WB: I, personally, never thought like that. Ever. In the one record that we did try [2007’s Santi] – I feel like whenever I thought that way it yielded a result that looks made up. It looks like we’re wearing costumes. So for me it’s just – I wear what I wear. Like this is how I go out. This is how I hang out at home. I don’t really think about my image in a way of fashioning it and tailoring it into what I think is going to be cool or popular. I just wear what I wear and that’s how I’ve always been.

On Page 2: Beckett spills on TAI’s breakup, his year of working without a record label, and his relationship with his fans.


The Academy Is… formed in 2003. The Chicago-based quintet were signed to Fueled By Ramen after attracting notice from fellow Chicago native Pete Wentz, and were one of the first acts to join Wentz’s own record label Decaydance when it was founded in 2005. TAI released three full-length albums and four EPs before disbanding in 2011 – drummer Andy Mrotek and guitarist Michael Guy Chislett left the band in May of that year.

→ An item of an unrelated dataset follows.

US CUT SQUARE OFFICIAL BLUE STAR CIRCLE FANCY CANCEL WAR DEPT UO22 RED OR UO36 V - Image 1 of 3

William Beckett, along with guitarist Mike Carden and bassist Adam Siska, attempted to continue work on TAI’s fourth album before deciding to end the band in October 2011.

Still signed to Fueled By Ramen under Atlantic Records, Beckett began writing material for himself as a solo artist – his first such venture in over ten years, having released an solo acoustic album under the moniker Remember Maine at age 17. However, midway through Beckett’s writing process, he was dropped from his contract by Atlantic. During 2012, he took things back to basics: he proceeded to release three EPs (Walk The Talk, Winds Will Change, and What Will Be) and an acoustic album, toured small venues including coffee houses and private homes, and utilised Stage-It for a regular series of online concerts and livestreams before signing with Equal Vision Records for the release of his 2013 full-length studio album, Genuine and Counterfeit.

Hypable: Clothing choices aside, the last two years have been very up and down for you. TAI ended, you planned to pursue a solo career with Atlantic, and then you got dropped. You’re with Equal Vision now, but you spent a long time doing grassroots stuff, Stage-It shows and self-releases. How long were you without a label, and were you planning to go ahead no matter what?

WB: For a year after Atlantic – and for the record I have no ill will towards Atlantic and Fueled By Ramen. Things change in this industry really fast, and most of the people there, the entire Fueled By Ramen family that worked there and ran it, they’re all gone. And so are most of the bands. That’s just how it works when you’re on that level – when it’s major labels, it’s like a revolving door with executives. Some people get demoted and some people get promoted, it’s just how it works. Like any giant company.

Bu after they let me go, I was able to take all the songs I was writing during that process – which was great because in that circumstance they could have just taken them. Like “no, sorry, you can’t use these.” But I was able to use everything that I was writing from that point, and it was never the songs that they weren’t confident with. It had to do with “how are we going to market this?” Some people on the team thought that I should be making a modern rock record, but naturally I was writing stuff that was more like ’80s pop leaning. And then, lo and behold, that’s what gets huge on the radio – that style of music! So for me what’s really cool is that I can make my kind of music, especially with Equal Vision Records.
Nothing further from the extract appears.